Nasmyth lay still and considered this. It was, at least, quite evident that he could not get up yet, but there were one or two other points that occurred to him.
“Does the ranch belong to Miss Waynefleet?” he inquired. “She can’t live here alone.”
“She runs the concern. She has certainly a father, but you’ll understand things more clearly when you see him. He’s away in Victoria, which is partly why Mrs. Custer from the settlement is now in yonder room. Her husband is at present building a trestle on the Dunsmore track. I come up here for only an hour every day.”
Nasmyth afterwards discovered that this implied a journey of three or four miles either way over a very indifferent trail, but at the moment he was thinking chiefly of Miss Waynefleet, who had given him shelter.
“You practise at the settlement?” he asked.
“Yes,” said his companion dryly, “chopping big trees. I’ve a ranch there. Still, I don’t know that you could exactly call it practising. By this time, I’ve acquired a certain proficiency in the thing.”
Nasmyth fancied that he must have gone to sleep soon after this, for when he opened his eyes again there was no sign of the doctor, and a girl was quietly moving about the room. She sat down, when she saw that he was awake, and looked at him with a little smile, and it was only natural that Nasmyth should also look at her. It struck him once more that she had wonderful hair. In the lamp-light, it seemed to glow with curious red-gold gleams. She had also quiet brown eyes, and a face that was a trifle darkened by sun and wind. He guessed that she was tall. She looked so as she moved about the room with a supple gracefulness that had a suggestion of strength in it. That was all he noticed in detail, for he was chiefly conscious of the air of quiet composure that characterized her. He was a trifle fanciful that night, and, while he looked her, he felt as he had sometimes felt when he stood at sunset in the silence of the shadowy Bush, or gazed down into the depths of some still river pool.

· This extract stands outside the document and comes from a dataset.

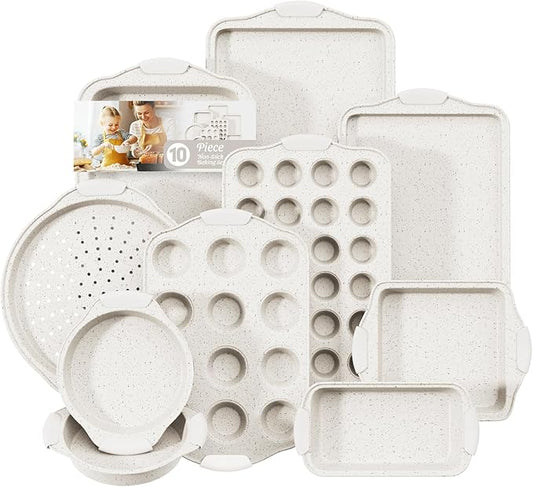 10-Piece Kitchen Nonstick Stackable Bakeware Set, Non Toxic Bakeware Sets with Silicone Handles, Includes Cookie Sheets, Cake Pan, Loaf Pan, Pizza Pan, Muffin Pan, White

Only her gleaming red-gold hair and her full red lips slightly counteracted this impression. There was in them at least a hint of fire and passion.
“You are much better,” she said, and her softly modulated voice fell pleasantly on his ears. He contrived to raise himself a trifle.
“I believe I am,” he answered, “In any case, I know I owe it to you that I’m alive at all. Still”–and he hesitated–“I can’t help feeling a bit uncomfortable. You see, I have really no claim on you.”